# Help please Colnago size !



## Coppi1952 (Oct 3, 2004)

Hi to all,
I used to race in the early 90s overseas ( where I am from originally). Then I stopped racing after an operation on the meniscus ( partial menisectomy). I couldn't get road racing off my mind. And I just decided I'm going to go back to racing eventhough I am 8 years older (32 years old now). Back then, it was very hard to get the proper equipment, I remember have raced on frames that were 3 to 5 centimeters different in size, but it didn't matter much as the fun part was there.

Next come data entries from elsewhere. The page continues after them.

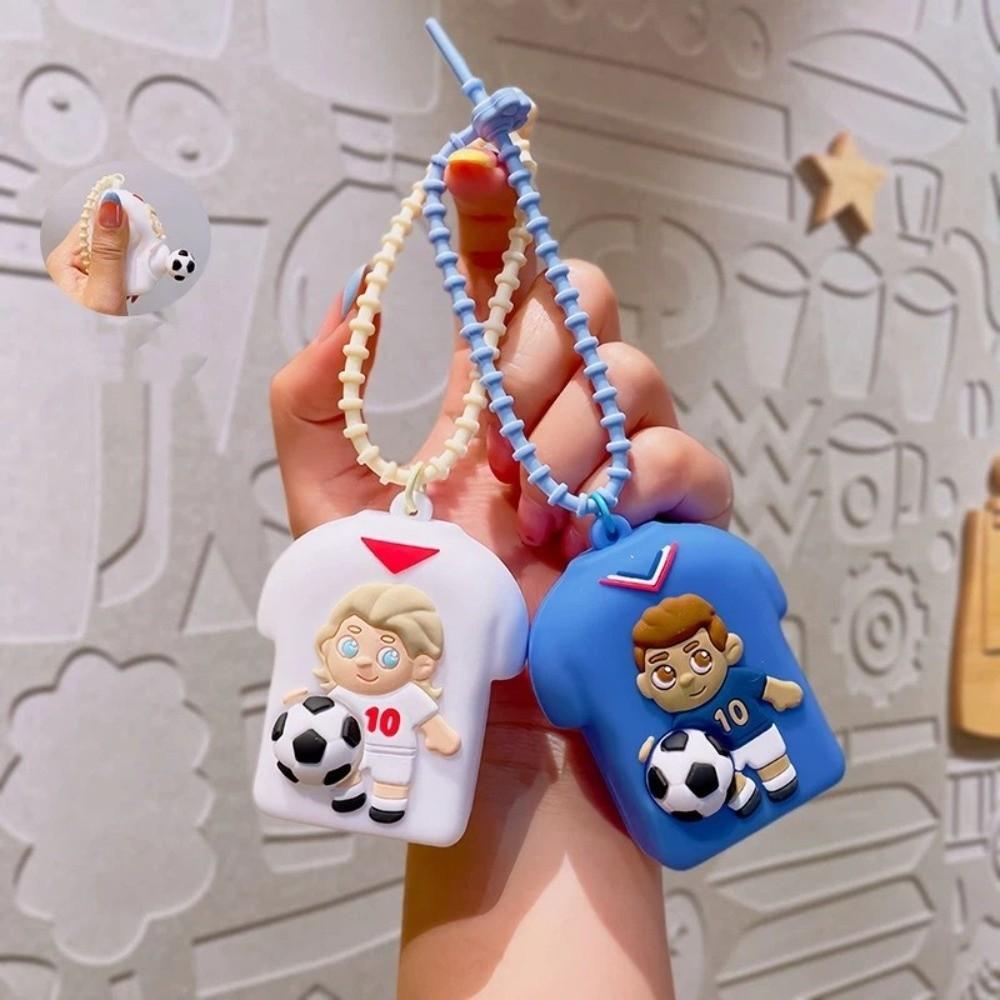 Silicone Football Keychains Sports Themed Soccer Player Keychain Charm Commemorative Gift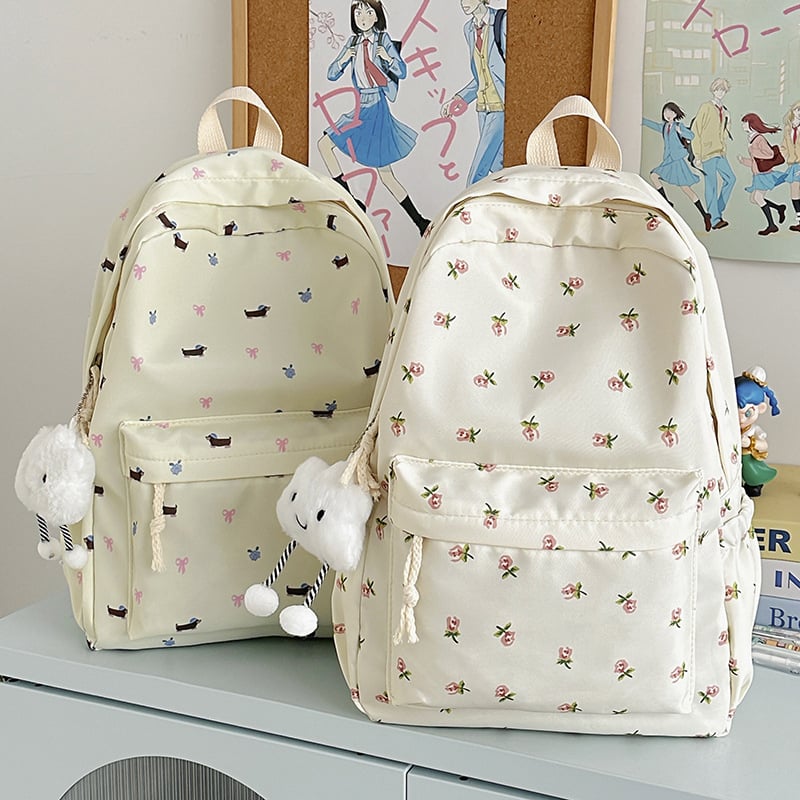 Σακίδιο κοριτσιών, νάιλον, φλοράλ μοτίβο, επένδυση από πολυεστέρα, ιμάντες με αερόστρωμα, αναπνεόμενο και ελαφρύνει το φορτίο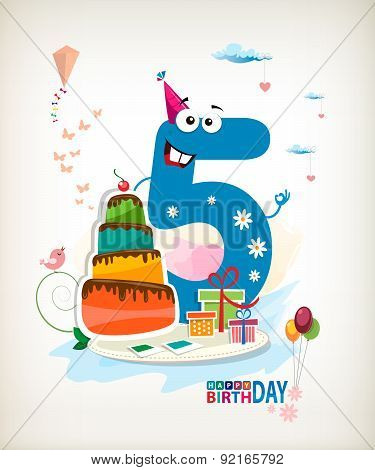 Fifth Birthday Card. Color Card.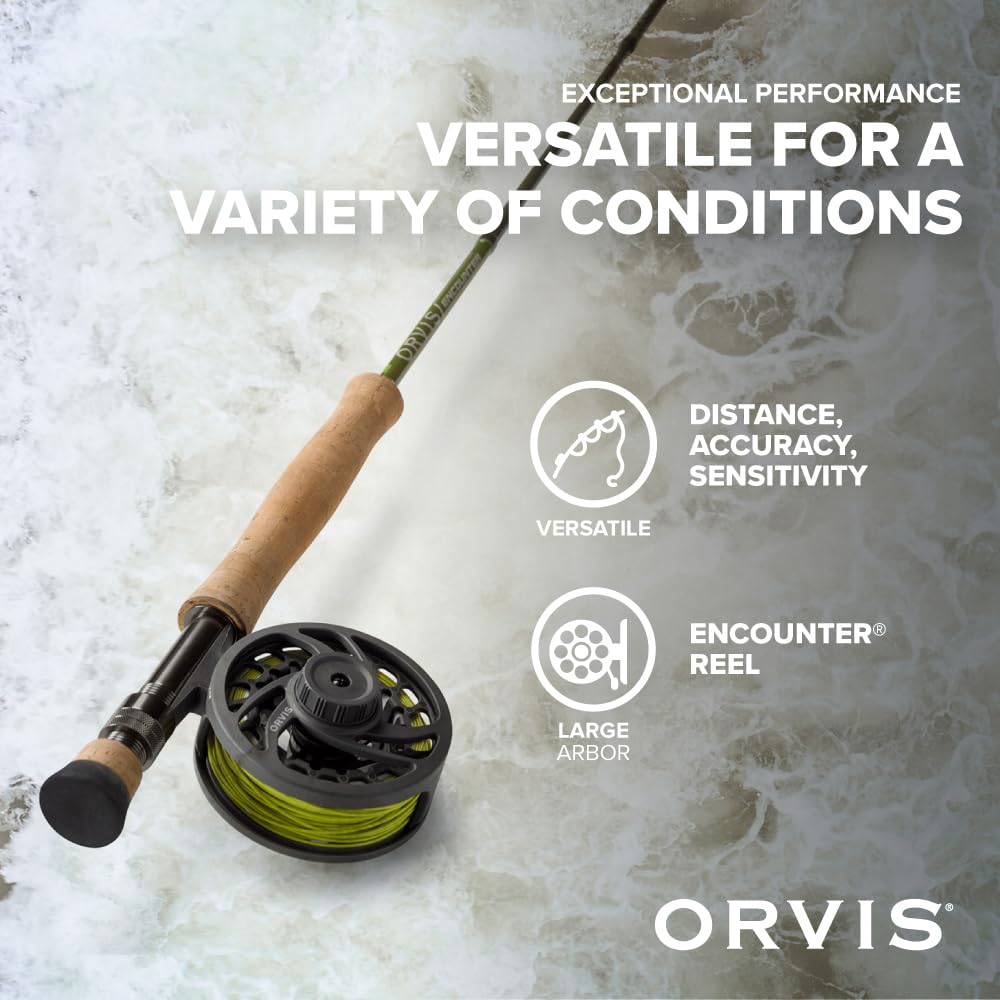 Orvis Encounter Outfit - Fishing Rod and Reel Combo (9' 5-wt) - Versatile Outfit with Large Arbor Reel, Weight-Forward Floating Line, Backing, and Leader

Now I just got a colnago Master Light frame (size 57cm C-T) for a good deal, and I'm afraid it's not the right size. My inseam is 86cm ( around 34inches) and my height is 1m78cm . can anybody help me tell if it's the right size as I had some friends here telling me it's way too big and that everybody now is going with smaller frames than in the past.


----------



## terry b (Jan 29, 2004)

I am 1.8m tall and have the same cycling inseam (85.7cm) that you have. I have 3 Colnagos, 2-57cms and 1-58cm. With my reach and their set up, they fit me just the way I'd like them to. My opinion - that size will suit you just fine.


----------



## Coppi1952 (Oct 3, 2004)

terry b said:


> I am 1.8m tall and have the same cycling inseam (85.7cm) that you have. I have 3 Colnagos, 2-57cms and 1-58cm. With my reach and their set up, they fit me just the way I'd like them to. My opinion - that size will suit you just fine.



Thank you for your answer, you're actually 2 cm taller than me but with the same inseam length or a little less. Just curious: what stem length do you use and are you a racer ?
Thank you


----------



## terry b (Jan 29, 2004)

Coppi1952 said:


> Thank you for your answer, you're actually 2 cm taller than me but with the same inseam length or a little less. Just curious: what stem length do you use and are you a racer ?
> Thank you


Don't race and as it is today, one of the 57s has a 120, the other a 130. Both have the same reach - go figure. I have a 120 on the 58cm.


----------